Untuk itu, kewenangan publik yang melekat di jiwa seorang jurnalis harus dijunjung tinggi dan diapresiasi secara terhormat.
Jika ada wartawan, lanjutnya yang medianya tidak diikutkan kerjasama oleh Pemda karena belum UKW atau medianya belum terverifikasi Dewan Pers, wartawan tidak perlu mencak-mencak dan mengeluh.
“Apalagi, mengemis-ngemis. Wah… itu bukan tipe jurnalis sejati,” kata Wahyudi seraya meminta si Wartawan tetap menjalankan fungsi kontrol-nya.

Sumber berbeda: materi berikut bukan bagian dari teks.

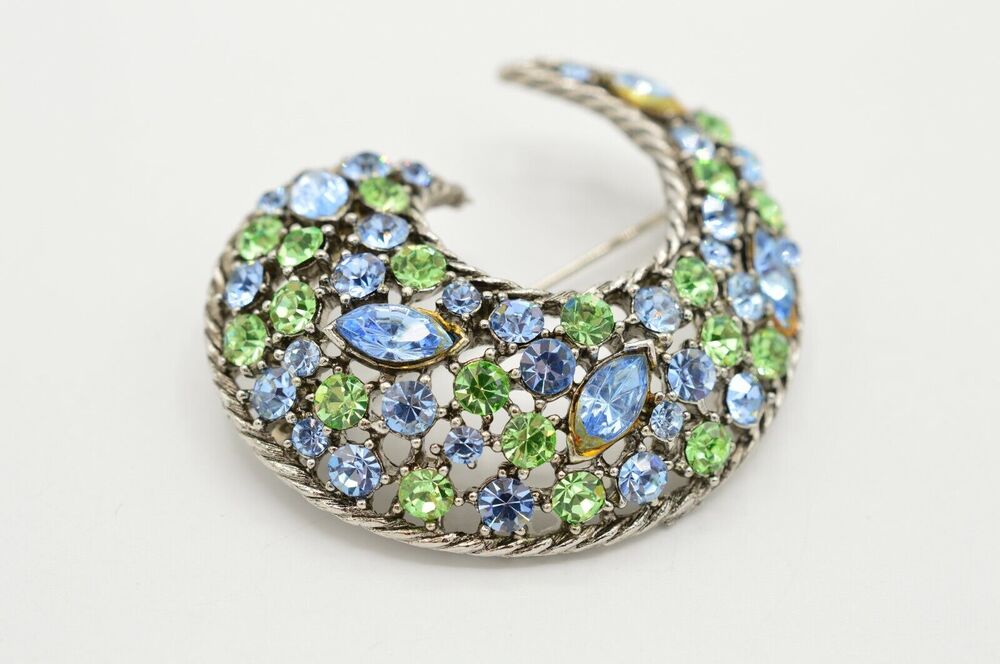 Weiss Vintage Crystal Pin Brooch Green Blue Rhinestone Sparkling Signed 80s BinB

Bisa jadi, katanya program kerjasama itu tidak steril dari dugaan korupsi yang dikhawatirkan menyeret pemimpin media yang ikut kerjasama.
“Hati-hati dalam kerja sama dengan Pemda,” tegasnya.
Akhir-akhir ini, jelasnya ada institusi kepolisian di suatu daerah yang tidak mengikutsertakan semua wartawan dalam acara buka puasa Ramadhan bersama insan pers.
“Bagi wartawan yang tidak diikutkan yah…, tidak apa-apa. Itu kesempatan untuk wartawan untuk uji skill dan nyali. Untuk mengontrol kinerja APH di Jajaran Polda yang bersangkutan,” katanya.
Namun, menjalankan profesi jurnalis, kata Wahyudi–sesuai standar Kode Ethik–butuh kecerdasan, kesabaran & integritas serta profesionalisme.
“Makanya, seorang wartawan jangan berhenti belajar,” kata Wahyudi yang juga Anggota Dewan Kehormatan Perhimpunan Advokat Indonesia (PERADI) Pekanbaru itu.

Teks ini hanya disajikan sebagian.